# Pala cargadora- Construcción



## Piojillo

Hola! 

Tengo que traducir una máquina a inglés pero he visto que hay demasiadas posibilidades para hacerlo. ¿Podría alguien ayudarme? 
La máquina es:     pala cargadora 

Tengo tres posibilidades:

1-Power shovel
2-Mounted shovel
3-Bucket loader 
 
Gracias!


----------



## coolbrowne

Creo que lo que buscas es
*Front loader* (US)​Saludos


----------



## Piojillo

Thanks coolbrowne!!!


----------



## cirrus

What does the machine look like?  I remember doing a translation job for JCB and the technical word for these was a retropala mixta.


----------



## GOMINOLA

Hola!

Yo trabajo en una empresa de maquinaria agrícola, fabricamos precisamente palas cargadoras para tractores y la palabra que se usa en inglés es efectivamente "FRONT LOADER".

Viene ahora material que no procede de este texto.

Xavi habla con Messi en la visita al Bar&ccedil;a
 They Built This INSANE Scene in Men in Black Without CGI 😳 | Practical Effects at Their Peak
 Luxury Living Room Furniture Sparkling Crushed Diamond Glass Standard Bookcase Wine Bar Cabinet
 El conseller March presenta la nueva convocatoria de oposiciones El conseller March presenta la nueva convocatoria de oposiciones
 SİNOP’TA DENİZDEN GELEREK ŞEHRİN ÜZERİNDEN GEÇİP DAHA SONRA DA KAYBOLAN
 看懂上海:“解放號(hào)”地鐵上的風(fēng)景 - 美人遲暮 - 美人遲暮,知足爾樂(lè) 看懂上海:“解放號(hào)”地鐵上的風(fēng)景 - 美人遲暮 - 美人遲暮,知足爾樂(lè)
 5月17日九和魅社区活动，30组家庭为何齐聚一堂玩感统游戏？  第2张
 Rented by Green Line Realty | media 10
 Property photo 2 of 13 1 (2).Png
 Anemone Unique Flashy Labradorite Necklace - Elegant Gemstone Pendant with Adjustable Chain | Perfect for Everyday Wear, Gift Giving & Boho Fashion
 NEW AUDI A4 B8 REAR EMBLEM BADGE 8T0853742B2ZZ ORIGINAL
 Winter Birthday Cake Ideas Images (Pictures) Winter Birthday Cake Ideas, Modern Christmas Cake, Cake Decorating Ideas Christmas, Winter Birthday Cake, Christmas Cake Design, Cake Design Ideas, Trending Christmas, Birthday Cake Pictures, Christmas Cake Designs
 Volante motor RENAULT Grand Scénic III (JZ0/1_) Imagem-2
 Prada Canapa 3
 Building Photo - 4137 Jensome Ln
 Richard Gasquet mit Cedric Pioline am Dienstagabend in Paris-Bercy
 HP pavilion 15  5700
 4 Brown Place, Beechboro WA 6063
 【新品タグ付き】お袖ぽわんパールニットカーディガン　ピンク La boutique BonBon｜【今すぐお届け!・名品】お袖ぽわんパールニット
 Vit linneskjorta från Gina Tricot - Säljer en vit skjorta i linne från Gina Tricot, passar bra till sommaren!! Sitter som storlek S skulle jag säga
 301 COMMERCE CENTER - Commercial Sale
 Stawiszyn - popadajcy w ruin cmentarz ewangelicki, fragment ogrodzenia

Y ahora tengo una duda yo, ¿cómo decimos el "*brazo de la pala*"? He visto en algún lado "*boom*", me podéis confirmar si es correcto?

Thanks!


----------



## coolbrowne

Sí, se utilizan los dos: puede ser *boom* y también *arms *(brazos)





GOMINOLA said:


> ... ¿cómo decimos el "*brazo de la pala*"? He visto en algún lado "*boom*", me podéis confirmar si es correcto?


----------



## GOMINOLA

Thanks a lot!


----------



## Piojillo

Hola Gominola!

Yo siempre he visto escrito *arm* 

Si te sirve de algo...

Saludos!


----------



## GOMINOLA

Thanks Piojillo, utilizaré las dos y así no me repito!


----------



## radlader

*Pala cargadora is also named in bucket loader in English.*


----------



## necesitomas

También Scoop loader


----------